One of the key extras here is that you can view the prologue to the movie in four different colour hues; the accepted standard sepia, the original colour camera footage (restored from a new 2k scan), the B and W version (which is a clever reference to an 'infamous' mistake!) and a new fourth-way: presented as an homage to this cult-classic from Maestros Lucio Fulci and DOP Sergio Salvati, a new alternative version is proposed using for the first time the colour camera footage as the base on which toning is applied - with reference to Salvati's known thinking. This results in very vivid visuals where the reds of the gore are strikingly visible and the light from the torches and car headlights are much more luminous. All four are branched so you can watch the movie seamlessly enabling you to view and comparisons can be seen in the extras section of the disc.
Other new extras include an interview with Cinzia Monreale (with English subtitles), an interview with Michele Mirabella (with English subtitles) a unique interview with scriptwriter Giorgio Mariuzzo on working with Lucio Fulci (with English subtitles), Prologue four-way comparison showing the original colour, B and W, standard sepia and the new, fourth-way, a golden version of toning over colour.
The archive extras include Sergio Salvati (Director of Photography) feature-length audio commentary dissecting the film - with new English subtitles, a feature-length audio commentary from stars Catriona McCall and David Warbeck and Lucio Fulci speaks (short conversation on a film set).
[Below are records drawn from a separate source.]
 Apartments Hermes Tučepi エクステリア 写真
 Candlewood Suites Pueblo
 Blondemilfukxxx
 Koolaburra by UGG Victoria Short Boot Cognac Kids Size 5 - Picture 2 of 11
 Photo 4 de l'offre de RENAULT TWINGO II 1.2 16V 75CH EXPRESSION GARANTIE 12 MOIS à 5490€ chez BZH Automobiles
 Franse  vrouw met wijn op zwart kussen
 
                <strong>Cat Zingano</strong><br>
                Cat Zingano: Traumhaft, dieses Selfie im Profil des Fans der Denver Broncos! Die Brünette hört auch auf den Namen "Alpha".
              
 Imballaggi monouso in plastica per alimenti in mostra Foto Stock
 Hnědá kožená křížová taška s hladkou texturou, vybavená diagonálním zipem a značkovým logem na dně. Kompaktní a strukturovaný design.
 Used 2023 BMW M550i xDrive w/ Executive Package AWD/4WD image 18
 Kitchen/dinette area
The transfer itself is stunning and brings to life the gruesome effects which still pretty much stand up some forty years on. Fulci delivers close up upon close up of each gory moment. The soundtrack too is nice and sharp delivering the dull droning of the score to maximum effect.
Shameless have taken a classic and given it the five star release it deserves and will make any Fulci fan very, very happy, and me looking to buy more shelves.